Leser*innenkommentare
Tigerlilly
Gast
Wieder mal sehr schön beobachtet, verwertet und verwurstet - bitte. liebe Silke Burmester, klopp den alten eitlen Dumpfbacken von Meinungsmachern und Medienjunkies weiter mit soviel Verve auf die Finger! Dient schließlich einem edlen Zweck. Wer das nicht schnallt, ist selbst schuld.
franziska08
Gast
Komisch. Ich bekomme immer Gänsehaut, wenn von "Lagern" die Rede ist. Betreutes Denken"? Nur schlecht hinter der putzig-frechen Sprach-Fassade dieser Kolumne versteckt funkelt bedrohlich eine Welt, in der nur die Wahrheiten der Autorin gelten. All die Anderen müssen beim Denken in "Auffanglagern" betreut werden? Fröstel...
Geert Wahrlow
Gast
Frau Burmester will ihren Journalisten-Kollegen das Denken beibringen und den Niedergang der Presse stoppen. Soso. Mal wieder eine schöne Kolumne, die vor Besserwisserei, Überheblichkeit und Dreistigkeit nur so strotzt. Hoffentlich stoppt jemand die Frau Burmester auf ihrem Kreuzzug für die Gleichschaltung der Presse. Sonst müssen wir diesen Quatsch in Zukunft überall lesen...
Kurt Drummer
Gast
Treffer - versenkt.
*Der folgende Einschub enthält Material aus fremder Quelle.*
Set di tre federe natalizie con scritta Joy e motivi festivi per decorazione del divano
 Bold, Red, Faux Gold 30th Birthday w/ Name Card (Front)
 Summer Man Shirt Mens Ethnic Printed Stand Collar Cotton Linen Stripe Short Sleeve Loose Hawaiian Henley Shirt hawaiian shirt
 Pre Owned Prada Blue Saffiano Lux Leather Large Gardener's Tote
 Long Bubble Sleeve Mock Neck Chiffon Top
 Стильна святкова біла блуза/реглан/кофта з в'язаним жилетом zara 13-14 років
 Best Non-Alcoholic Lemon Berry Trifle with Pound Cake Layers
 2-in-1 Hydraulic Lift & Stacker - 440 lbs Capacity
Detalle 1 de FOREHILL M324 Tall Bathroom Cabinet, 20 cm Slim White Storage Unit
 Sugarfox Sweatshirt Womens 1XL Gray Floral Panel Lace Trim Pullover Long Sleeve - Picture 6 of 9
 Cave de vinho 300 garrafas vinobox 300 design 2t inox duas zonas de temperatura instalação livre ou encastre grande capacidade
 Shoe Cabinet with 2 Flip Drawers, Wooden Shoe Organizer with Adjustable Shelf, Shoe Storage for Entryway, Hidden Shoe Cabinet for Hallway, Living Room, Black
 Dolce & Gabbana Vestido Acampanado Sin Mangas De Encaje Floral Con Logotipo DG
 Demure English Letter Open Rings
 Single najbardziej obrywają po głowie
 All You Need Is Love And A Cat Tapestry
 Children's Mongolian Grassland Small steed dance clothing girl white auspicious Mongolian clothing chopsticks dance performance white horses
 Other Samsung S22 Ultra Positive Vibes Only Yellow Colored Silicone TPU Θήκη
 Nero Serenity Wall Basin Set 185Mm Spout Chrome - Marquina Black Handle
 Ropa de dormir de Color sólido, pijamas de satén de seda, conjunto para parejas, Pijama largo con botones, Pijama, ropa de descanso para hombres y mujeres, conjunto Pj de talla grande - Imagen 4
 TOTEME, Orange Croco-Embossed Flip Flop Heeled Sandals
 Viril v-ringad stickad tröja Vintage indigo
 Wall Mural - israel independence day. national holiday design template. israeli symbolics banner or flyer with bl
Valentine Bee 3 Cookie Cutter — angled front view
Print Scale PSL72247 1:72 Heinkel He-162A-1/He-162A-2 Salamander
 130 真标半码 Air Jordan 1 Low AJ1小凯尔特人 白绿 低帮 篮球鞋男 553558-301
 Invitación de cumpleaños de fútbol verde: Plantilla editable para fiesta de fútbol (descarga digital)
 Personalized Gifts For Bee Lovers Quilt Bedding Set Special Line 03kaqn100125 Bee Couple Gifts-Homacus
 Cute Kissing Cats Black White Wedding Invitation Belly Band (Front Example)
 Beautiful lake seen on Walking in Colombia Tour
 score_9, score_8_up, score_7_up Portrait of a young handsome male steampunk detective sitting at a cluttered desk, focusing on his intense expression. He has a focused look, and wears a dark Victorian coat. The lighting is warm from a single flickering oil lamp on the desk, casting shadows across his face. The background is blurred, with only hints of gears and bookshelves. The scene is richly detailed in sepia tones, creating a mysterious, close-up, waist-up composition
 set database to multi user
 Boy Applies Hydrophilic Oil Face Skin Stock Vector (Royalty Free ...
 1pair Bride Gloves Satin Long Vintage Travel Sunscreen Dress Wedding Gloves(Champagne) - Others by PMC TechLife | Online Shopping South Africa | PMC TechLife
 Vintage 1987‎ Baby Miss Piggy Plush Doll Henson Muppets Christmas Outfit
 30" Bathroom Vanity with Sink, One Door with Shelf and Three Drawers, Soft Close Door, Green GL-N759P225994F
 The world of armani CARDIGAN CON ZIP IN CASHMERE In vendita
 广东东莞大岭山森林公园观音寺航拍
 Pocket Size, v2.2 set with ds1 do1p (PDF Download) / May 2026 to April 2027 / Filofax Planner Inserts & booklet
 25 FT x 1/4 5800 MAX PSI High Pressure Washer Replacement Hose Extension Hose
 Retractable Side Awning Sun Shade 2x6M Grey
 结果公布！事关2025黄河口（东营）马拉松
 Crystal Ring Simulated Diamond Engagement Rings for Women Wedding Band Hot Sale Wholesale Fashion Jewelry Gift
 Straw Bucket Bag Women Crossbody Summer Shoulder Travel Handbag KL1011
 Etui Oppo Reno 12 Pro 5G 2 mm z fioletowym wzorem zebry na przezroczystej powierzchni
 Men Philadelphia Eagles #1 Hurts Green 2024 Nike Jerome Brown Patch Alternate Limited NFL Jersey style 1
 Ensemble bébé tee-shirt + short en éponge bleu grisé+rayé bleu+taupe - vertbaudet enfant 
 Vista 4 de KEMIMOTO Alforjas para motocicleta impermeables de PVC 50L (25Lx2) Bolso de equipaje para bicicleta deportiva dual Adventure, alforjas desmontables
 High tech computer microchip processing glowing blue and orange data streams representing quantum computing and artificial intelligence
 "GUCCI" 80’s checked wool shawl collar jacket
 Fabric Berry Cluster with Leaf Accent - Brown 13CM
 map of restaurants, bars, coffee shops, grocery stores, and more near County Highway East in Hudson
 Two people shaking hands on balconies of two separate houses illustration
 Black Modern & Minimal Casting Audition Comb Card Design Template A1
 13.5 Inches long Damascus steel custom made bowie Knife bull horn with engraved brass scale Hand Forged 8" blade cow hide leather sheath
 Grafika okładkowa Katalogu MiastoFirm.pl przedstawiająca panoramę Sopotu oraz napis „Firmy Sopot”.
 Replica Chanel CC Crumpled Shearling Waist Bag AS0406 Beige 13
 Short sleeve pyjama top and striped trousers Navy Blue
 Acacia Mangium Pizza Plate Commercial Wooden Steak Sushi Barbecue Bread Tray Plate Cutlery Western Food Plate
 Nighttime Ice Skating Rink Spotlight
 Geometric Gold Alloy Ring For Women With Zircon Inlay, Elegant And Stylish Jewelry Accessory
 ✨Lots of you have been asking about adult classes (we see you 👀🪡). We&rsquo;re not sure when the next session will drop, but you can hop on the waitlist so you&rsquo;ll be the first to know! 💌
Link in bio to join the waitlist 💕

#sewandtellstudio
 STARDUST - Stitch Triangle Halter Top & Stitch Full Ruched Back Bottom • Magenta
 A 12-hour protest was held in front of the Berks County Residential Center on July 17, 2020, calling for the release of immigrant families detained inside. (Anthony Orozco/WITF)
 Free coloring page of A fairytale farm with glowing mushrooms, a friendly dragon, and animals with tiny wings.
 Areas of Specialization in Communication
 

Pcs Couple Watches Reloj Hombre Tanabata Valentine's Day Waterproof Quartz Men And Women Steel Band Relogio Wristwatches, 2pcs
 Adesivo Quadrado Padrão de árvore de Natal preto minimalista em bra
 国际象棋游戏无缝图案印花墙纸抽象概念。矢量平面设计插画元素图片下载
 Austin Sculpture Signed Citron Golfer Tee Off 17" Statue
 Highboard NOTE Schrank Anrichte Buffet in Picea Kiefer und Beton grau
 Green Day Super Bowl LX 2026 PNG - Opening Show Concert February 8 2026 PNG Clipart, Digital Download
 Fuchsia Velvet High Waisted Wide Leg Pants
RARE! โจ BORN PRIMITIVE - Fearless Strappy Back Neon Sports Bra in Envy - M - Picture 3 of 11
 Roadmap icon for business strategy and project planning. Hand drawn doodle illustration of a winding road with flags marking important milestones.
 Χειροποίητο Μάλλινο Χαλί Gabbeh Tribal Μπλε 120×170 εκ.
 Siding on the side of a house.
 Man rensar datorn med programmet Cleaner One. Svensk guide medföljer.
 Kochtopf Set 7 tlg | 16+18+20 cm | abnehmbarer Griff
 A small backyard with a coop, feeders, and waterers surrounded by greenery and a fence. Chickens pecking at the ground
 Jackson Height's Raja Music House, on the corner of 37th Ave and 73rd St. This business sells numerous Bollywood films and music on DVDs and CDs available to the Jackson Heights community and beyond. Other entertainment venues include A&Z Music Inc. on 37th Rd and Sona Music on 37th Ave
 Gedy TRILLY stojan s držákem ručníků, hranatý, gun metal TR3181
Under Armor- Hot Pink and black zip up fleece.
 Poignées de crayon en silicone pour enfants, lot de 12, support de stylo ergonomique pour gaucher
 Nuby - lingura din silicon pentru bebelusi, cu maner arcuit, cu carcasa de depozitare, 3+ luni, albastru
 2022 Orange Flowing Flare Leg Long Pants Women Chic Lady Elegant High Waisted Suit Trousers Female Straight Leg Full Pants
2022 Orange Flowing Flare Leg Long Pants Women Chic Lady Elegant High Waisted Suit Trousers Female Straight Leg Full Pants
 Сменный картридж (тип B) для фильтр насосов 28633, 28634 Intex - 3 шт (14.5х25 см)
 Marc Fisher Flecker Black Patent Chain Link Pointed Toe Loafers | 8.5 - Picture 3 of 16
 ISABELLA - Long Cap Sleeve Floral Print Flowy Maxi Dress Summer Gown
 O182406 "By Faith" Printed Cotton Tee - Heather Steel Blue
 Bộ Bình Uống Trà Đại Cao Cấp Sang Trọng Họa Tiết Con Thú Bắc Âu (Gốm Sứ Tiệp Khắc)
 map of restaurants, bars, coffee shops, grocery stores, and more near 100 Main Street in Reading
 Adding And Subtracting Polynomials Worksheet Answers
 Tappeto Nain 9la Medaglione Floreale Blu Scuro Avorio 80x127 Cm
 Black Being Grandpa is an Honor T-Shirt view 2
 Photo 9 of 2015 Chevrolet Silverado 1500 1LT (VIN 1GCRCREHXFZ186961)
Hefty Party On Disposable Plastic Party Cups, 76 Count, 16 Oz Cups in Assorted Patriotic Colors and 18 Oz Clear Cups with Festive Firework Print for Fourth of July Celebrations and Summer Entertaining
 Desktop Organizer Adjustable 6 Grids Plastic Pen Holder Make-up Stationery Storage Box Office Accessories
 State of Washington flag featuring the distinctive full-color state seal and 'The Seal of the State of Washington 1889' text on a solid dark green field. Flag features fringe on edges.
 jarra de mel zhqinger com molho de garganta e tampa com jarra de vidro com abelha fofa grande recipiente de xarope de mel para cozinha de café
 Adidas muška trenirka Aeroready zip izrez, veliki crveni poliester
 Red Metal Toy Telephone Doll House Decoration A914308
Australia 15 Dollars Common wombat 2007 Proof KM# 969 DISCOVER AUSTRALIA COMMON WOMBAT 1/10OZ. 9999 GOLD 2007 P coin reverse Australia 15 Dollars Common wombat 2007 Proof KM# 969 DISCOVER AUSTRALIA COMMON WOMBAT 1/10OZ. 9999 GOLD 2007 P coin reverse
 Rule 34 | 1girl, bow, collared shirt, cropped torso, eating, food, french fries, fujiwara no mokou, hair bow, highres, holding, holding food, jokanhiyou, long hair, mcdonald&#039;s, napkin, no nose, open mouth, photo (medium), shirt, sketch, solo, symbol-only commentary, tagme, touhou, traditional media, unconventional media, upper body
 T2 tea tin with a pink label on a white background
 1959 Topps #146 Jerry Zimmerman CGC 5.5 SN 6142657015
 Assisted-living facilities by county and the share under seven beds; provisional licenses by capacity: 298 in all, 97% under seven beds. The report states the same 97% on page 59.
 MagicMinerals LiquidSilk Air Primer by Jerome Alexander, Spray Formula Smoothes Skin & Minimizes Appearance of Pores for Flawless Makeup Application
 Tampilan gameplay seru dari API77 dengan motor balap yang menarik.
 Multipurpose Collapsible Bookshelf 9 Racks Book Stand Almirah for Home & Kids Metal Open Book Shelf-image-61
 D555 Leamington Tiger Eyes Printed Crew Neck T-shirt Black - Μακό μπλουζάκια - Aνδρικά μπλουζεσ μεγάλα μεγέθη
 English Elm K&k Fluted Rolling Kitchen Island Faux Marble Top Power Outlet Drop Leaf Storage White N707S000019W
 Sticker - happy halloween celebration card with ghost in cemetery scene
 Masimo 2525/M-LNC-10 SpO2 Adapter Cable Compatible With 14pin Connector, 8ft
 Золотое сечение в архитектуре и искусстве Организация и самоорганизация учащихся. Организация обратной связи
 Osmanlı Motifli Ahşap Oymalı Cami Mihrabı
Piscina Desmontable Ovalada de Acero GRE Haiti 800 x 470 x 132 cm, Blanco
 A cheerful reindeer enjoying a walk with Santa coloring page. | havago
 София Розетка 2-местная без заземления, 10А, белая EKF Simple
Genial wie immer!
polyphem.os
Gast
Osnabrücker Schamoffensive:
Ich mag nicht, dass Menschen grinsen, wenn sie mein KFZ-Kennzeichen sehen. Ich werde mein Auto woanders anmelden.
Andre La
Gast
Frau Burmeister: Bitte bleiben Sie der Front treu! und gestatten mir Ihres Artikels eingedenk ebenfalls dasJahr zusammenzufassen:
Ode an das Verstrichene 2011
Wulff Wulff Waff Waff
MaschMajAA
BuMM BuMM
EDEN
DEH ESS Kah
Gutti
Mutti
Merkel OH
Riekel BUNTE Klo
Joopi
Poopi
PippA
PO!
Immerhin hat mit letzerer bzw ihrem Posterior das Jahr doch noch etwas
Nach
Haltiges
im eigenen Sinne gehabt.
Fröhliches Neues Jahr!
vic
Gast
Es ist schon ok so, dass Bild und Bunte sind, wie sie sind. Das macht sie berechenbar.